#### [To do]
Repeat the listing below word for word, minus the pictures.

#### [Supplied information]
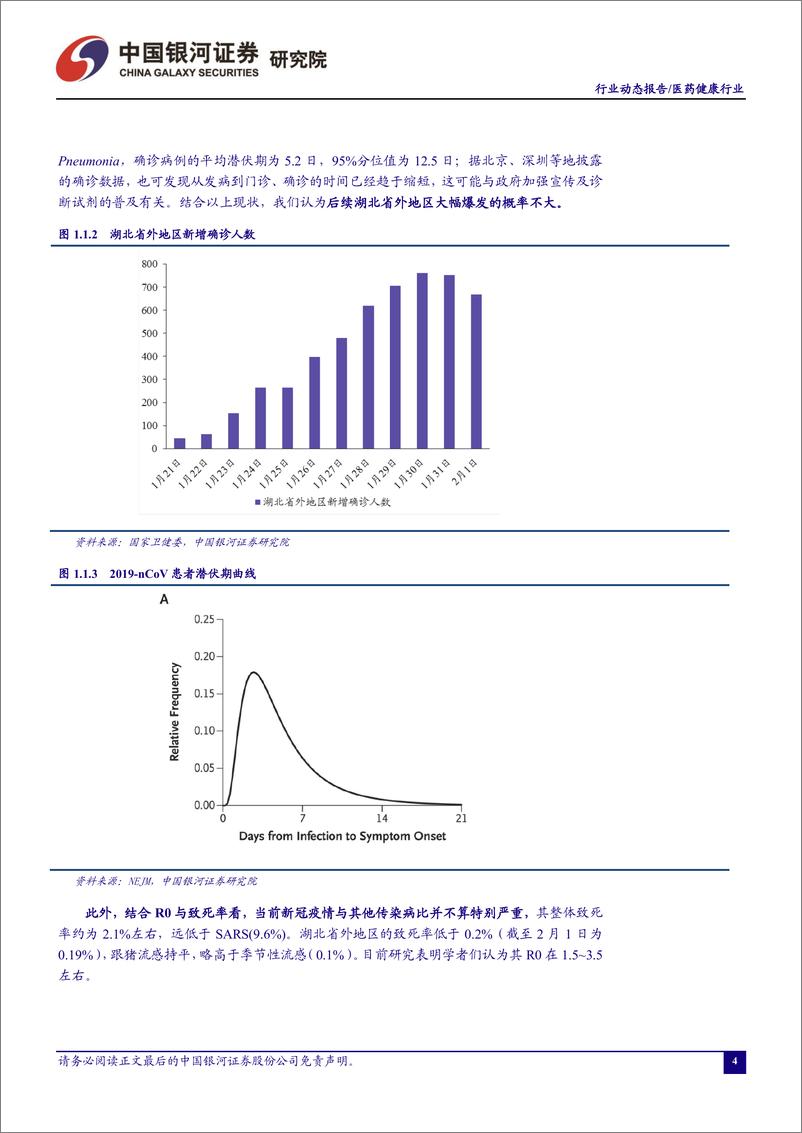 《新冠疫情对医药行业的影响：应更多对标18Q1流感-20200206-银河证券-61页》 - 第6页预览图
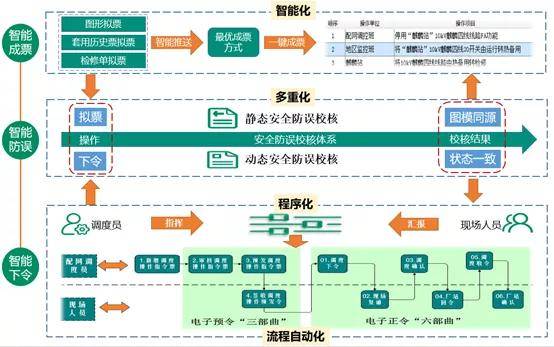 山東臨沂:首家配網智能調度網絡交互系統試點單位通過國家電網公司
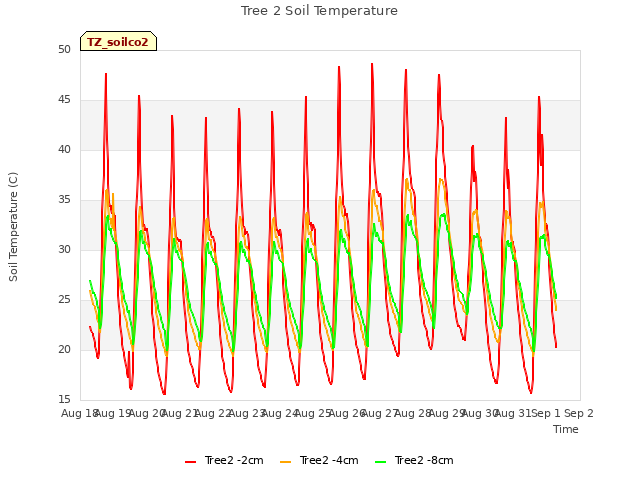 plot of Tree 2 Soil Temperature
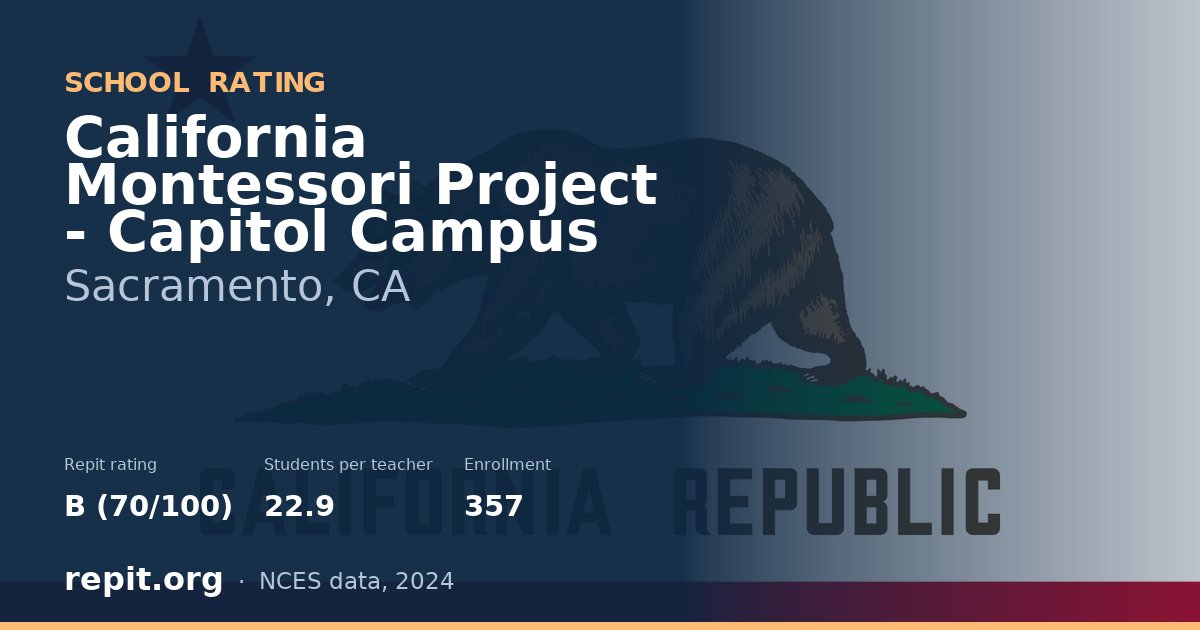 California Montessori Project - Capitol Campus, Sacramento, CA — Repit school rating B (70/100)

#### [Response box]
 《新冠疫情对医药行业的影响：应更多对标18Q1流感-20200206-银河证券-61页》 - 第6页预览图
 山東臨沂:首家配網智能調度網絡交互系統試點單位通過國家電網公司
 plot of Tree 2 Soil Temperature
 California Montessori Project - Capitol Campus, Sacramento, CA — Repit school rating B (70/100)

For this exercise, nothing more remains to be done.